**RECORDS PROVIDED:**
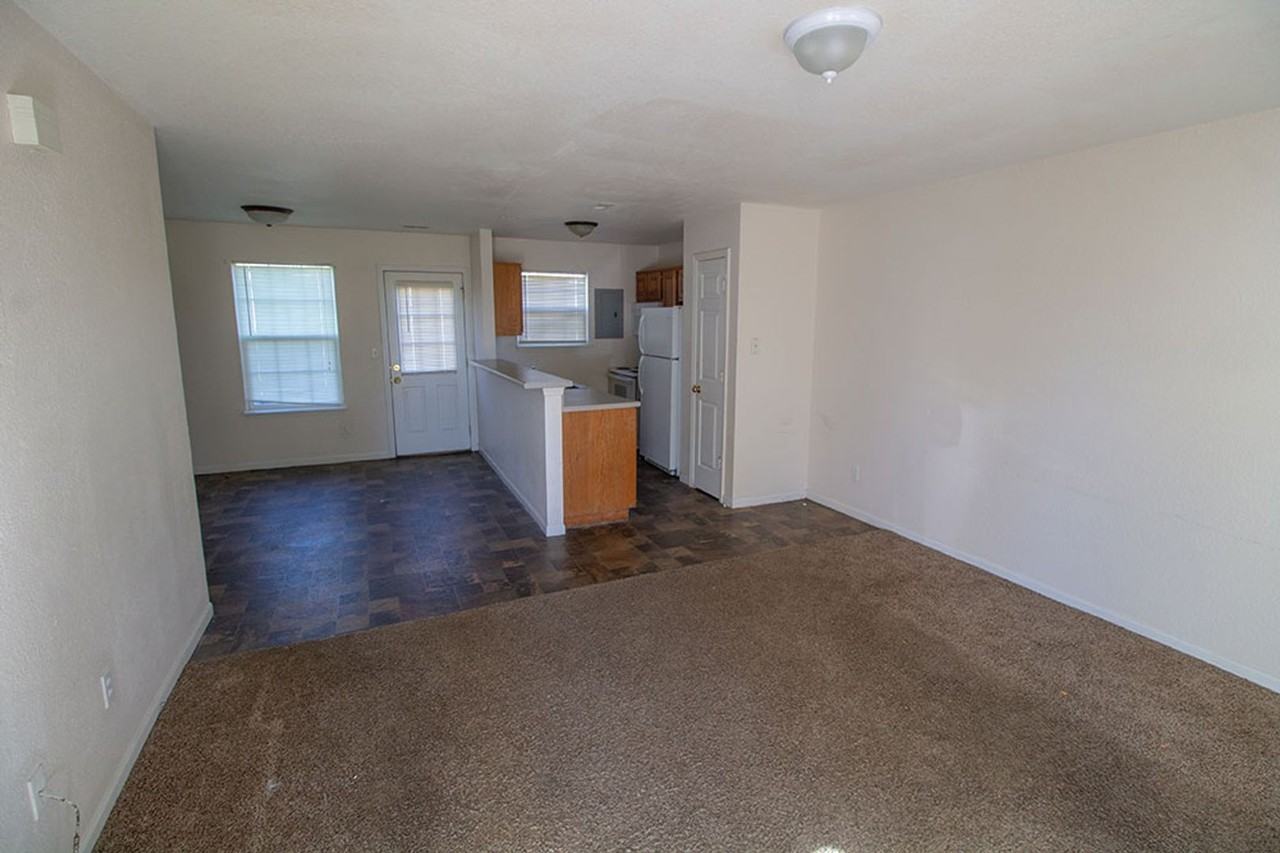 4505 Rice Rd - Photo 3 of 22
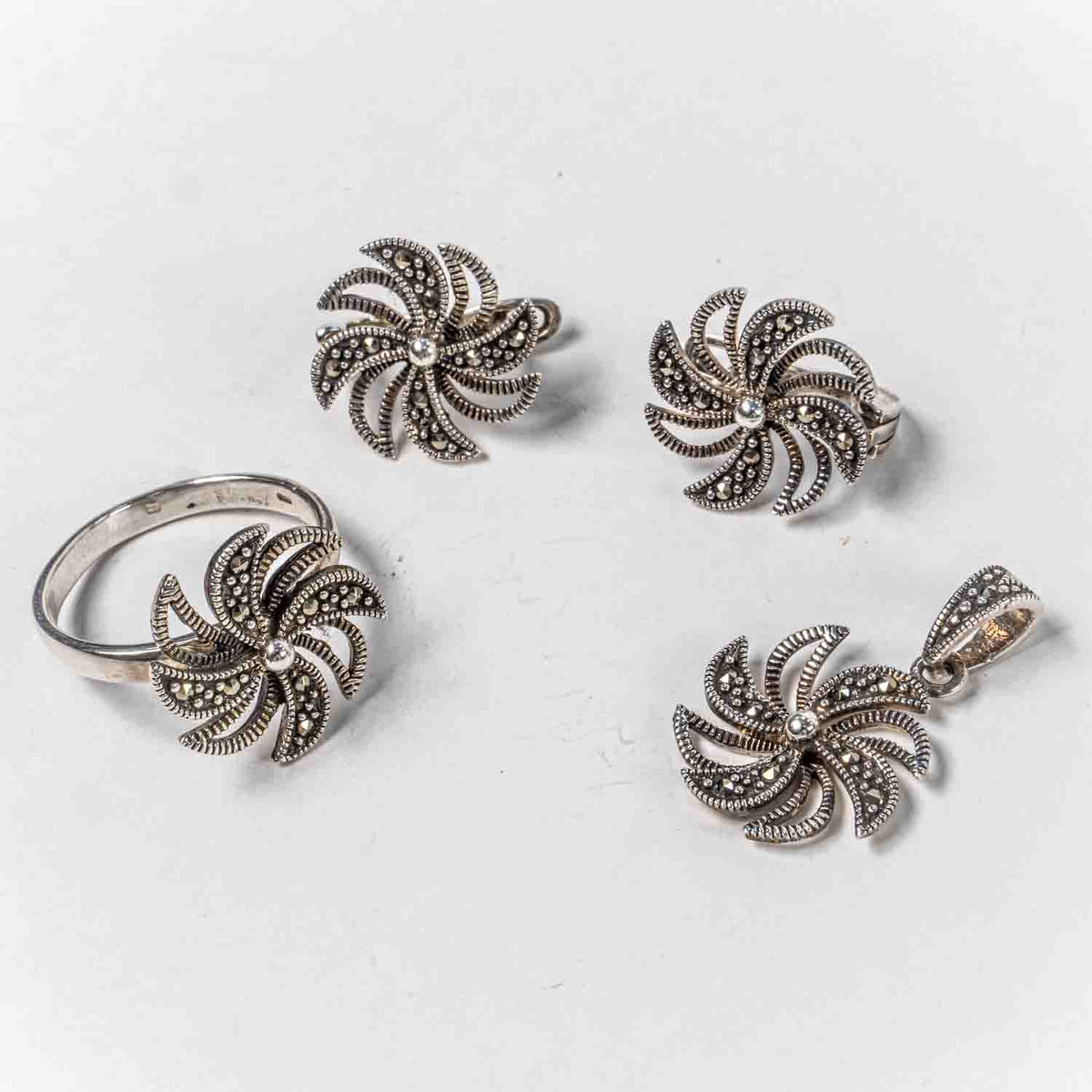 Set Bijuterii STILL Argint 925 - Pandantiv,  Inel,  Cercei, Marcasite, Marime Inel 8, Gri Metalic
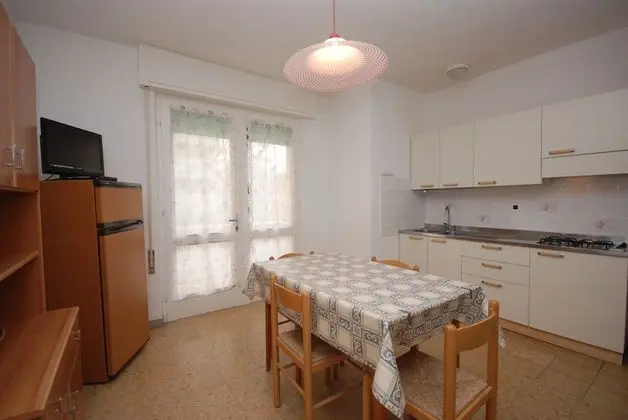 Odada yemek servisi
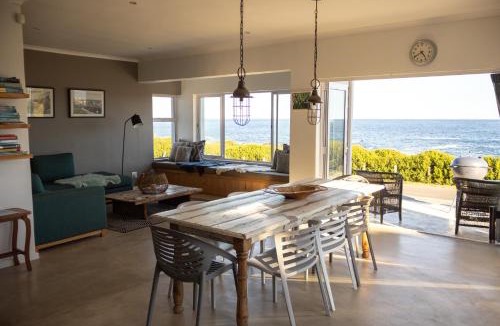 Kleinmond House | Seafront house with a view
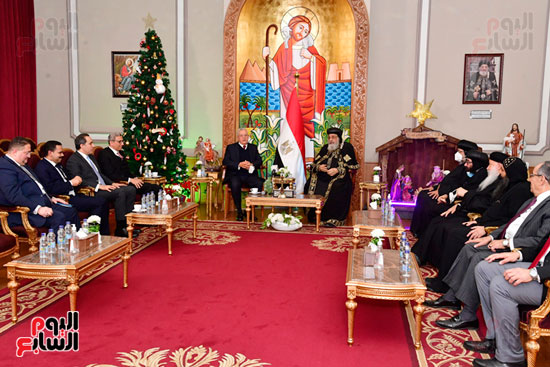 رئيس مجلس النواب يزور الكاتدرائية لتهنئة البابا تواضروس بعيد الميلاد المجيد (4)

**WORK REQUIRED:**
Only the pictures are to be left out, and all of the data must otherwise be transcribed exactly.

**THE ANSWER:**
 4505 Rice Rd - Photo 3 of 22
 Set Bijuterii STILL Argint 925 - Pandantiv,  Inel,  Cercei, Marcasite, Marime Inel 8, Gri Metalic
 Odada yemek servisi
 Kleinmond House | Seafront house with a view
 رئيس مجلس النواب يزور الكاتدرائية لتهنئة البابا تواضروس بعيد الميلاد المجيد (4)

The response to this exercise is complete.